そう思って、きゅぽん……と水筒の蓋を開け、差し出す。
そのわずかな間。
ドラゴンから一挙手一投足、探りを入れられているような気がするのはなんでだろう。
そして今度は、差し出された水筒と私を、目を点にして凝視する。
まるで、珍獣でも見ているような目だ。
安心してください。
私からすれば、アナタの方が珍獣ですよ?
「――…よい。いらぬよ」
「へ?」
いるって言ったじゃん。
まったくもう、ツンデレか?
「……主はソレが何なのか、解っておるのか?」
「泉の水です」
それ以外何が?
水筒の蓋を閉め直しながら、きっぱり言い切る。
すると今度は残念な子を見る目で私を見て――
なぜため息をつく?
「それは”一口飲むと10年は若返る”と云われている『神水』での」
「―――…はぃ?」
「主ら人にとって10年は長い年月やもしれぬが、ドラゴンからすれば朝露のように儚いもの……」
今更10年くらい若返ったとて……そう、小さく呟く。
――うん。
そりゃぁ、長寿とされるドラゴンからすれば10年なんて儚いかもしれないけど……そもそも、この水筒の量(500ml)だとほぼ一口だよね。
いや、違う。
問題はそこじゃない。
「―――……すみません。
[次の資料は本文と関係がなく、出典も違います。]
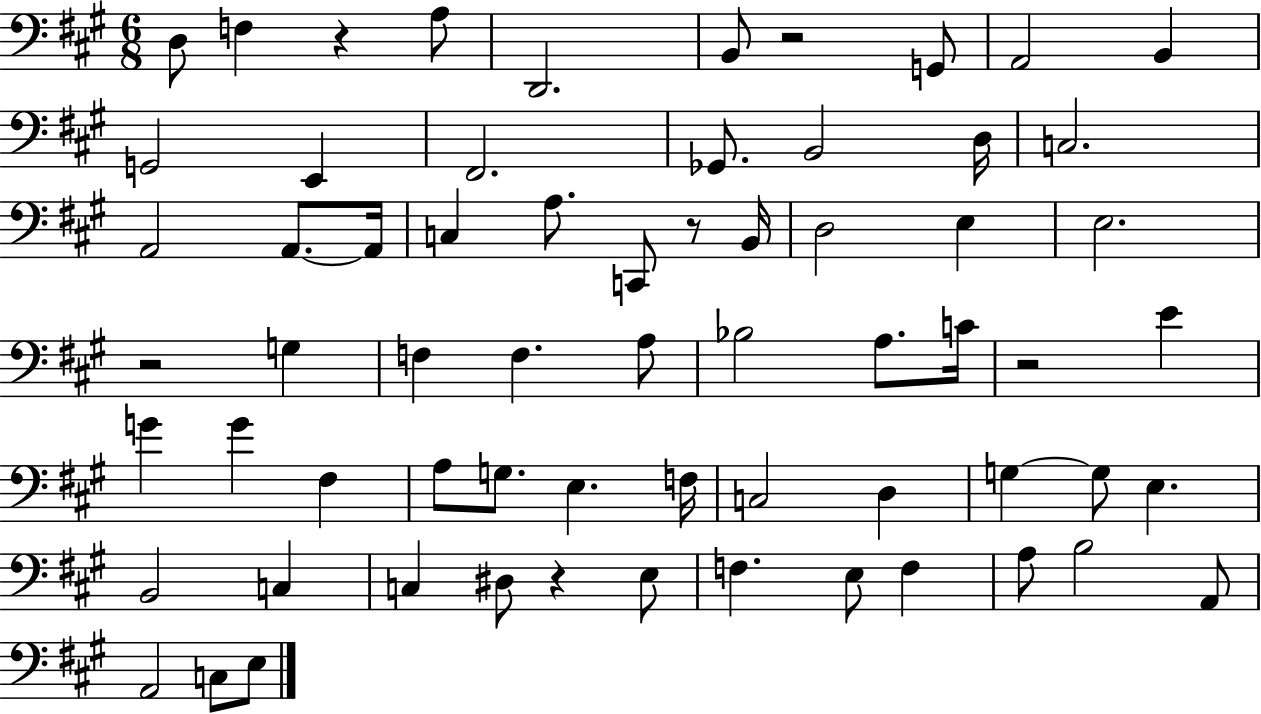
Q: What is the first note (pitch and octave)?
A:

私、その水……昨夜、がぶ飲みしたんですけど……」
そうか――これが、おそらく20代まで若返った原因か。
一口10年とか……
若干数が合わないような気がするけど、何口飲んだかなんて、覚えてないくらい飲んだわ。
「ほっ……知らぬとは、実に恐ろしいものよ……」
……おい、貴様。
なに面白そうに笑っとるんじゃい。
こちとら全然面白くもなんともないわ。
「じゃぁ、この水を飲んだ後、胸が苦しくなって意識がなくなったのは……」
「それは主の言う、がぶ飲みして若返る際の……副反応みたいなものではないかの」
アレか。
高校生な名探偵が小さくなった時に胸が痛くなっていたやつ、的な?
アレって、急に小さくなっていろいろ困っていたよね。
洋服とか、仮住まいとか、アリバイ工作とか。
――ん?
だとすると、20代の姿で元の世界へ帰ったら、私、いろいろとヤバくないかい?